3 keys for the Lakers in Game 6 versus the Warriors

Game 6 of the Western Conference semifinals between the Los Angeles Lakers and Golden State Warriors on Friday is sure to be a very intense contest, and for all intents and purposes, it could virtually decide the victor of this series.

The Lakers held a 3-1 lead going into Wednesday’s Game 5, but they lost by 15 points and simply got outworked. They played hard enough, at least for a portion of the game, but Golden State played with a sense of desperation, which is simply a higher wavelength of energy.

Now Los Angeles has put itself in a bit of a bind. It will have its home crowd at Crypto.com Arena behind it for Game 6, but if it doesn’t take care of business, it’s hard to imagine LeBron James and company taking Game 7 in San Francisco, especially with what is expected to be less than a 40-hour turnaround.

If the Lakers take care of these three things on Friday, they will likely head to the Western Conference Finals to face the Denver Nuggets with three full days of rest before Game 1 of that series.

Outrebound the Warriors

At this point of a playoff series, games are often decided by the effort categories, and rebounding may be the most important of those categories.

In the Lakers’ three wins in this series, they had a scant advantage on the boards, but in Golden State’s Game 2 victory, it outrebounded them by 15, and on Wednesday the margin was 10 in favor of Stephen Curry and company.

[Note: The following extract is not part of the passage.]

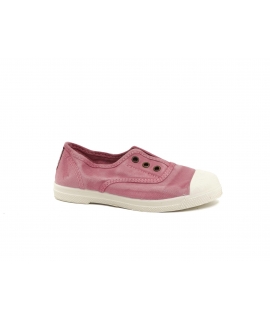 NATURAL WORLD vegan Girl's shoes Pink sneakers Cotton Bio slip on eco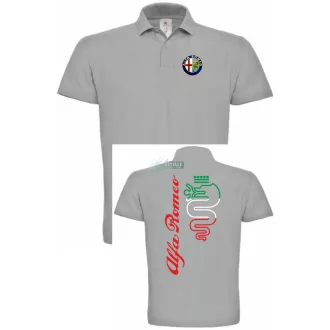 Autó fan Alfa Romeo galléros férfi póló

Rebounding is a measure of effort and desire, and the Lakers will have to outwork the defending champs in order to close out this series.

Anthony Davis must dominate — on both ends of the floor

In each of the last three games, Davis has scored at least 23 points while shooting over 55 percent from the field, but in Game 5 he had no blocked shots or steals while grabbing “only” nine rebounds.

For reference, he is averaging 13.5 rebounds and 3.4 blocks a game through 11 playoff games. Los Angeles needs him to get back into the teens in the rebounding category and turn the basket area into a no-fly zone in Game 6.

But for that to happen, the team needs to figure out how to keep him in or near the paint defensively. The Warriors have been involving him in pick and rolls since Game 4, and it has opened up the lane for easy layups and dunks, as this strategy has left Davis too far out on the perimeter to rotate back toward the hoop.

The Lakers may not need a 30-plus-point game from him, but they do need one of his usual monster games defensively and on the boards in order to win.

Get off to a good start

Conventional wisdom holds that on the road, great teams are content with keeping things close if need be until they can find an advantage and take control later in a ballgame. But at home, teams need to punch their opponent in the mouth as early as possible, figuratively speaking.

Just as they did in the Game 6 clincher versus the Memphis Grizzlies, the Lakers need to jump on the Warriors early and establish a sizable lead. If they allow Golden State to keep things close or even get a lead of their own, the tension will thicken for LeBron James’ crew, and that anxious energy will extend to the fans in the stands.

But if L.A. opens up a lead of at least five to eight points by the third quarter, the Warriors will be the ones feeling nervous, as their season and possibly their entire dynasty will be hanging in the balance.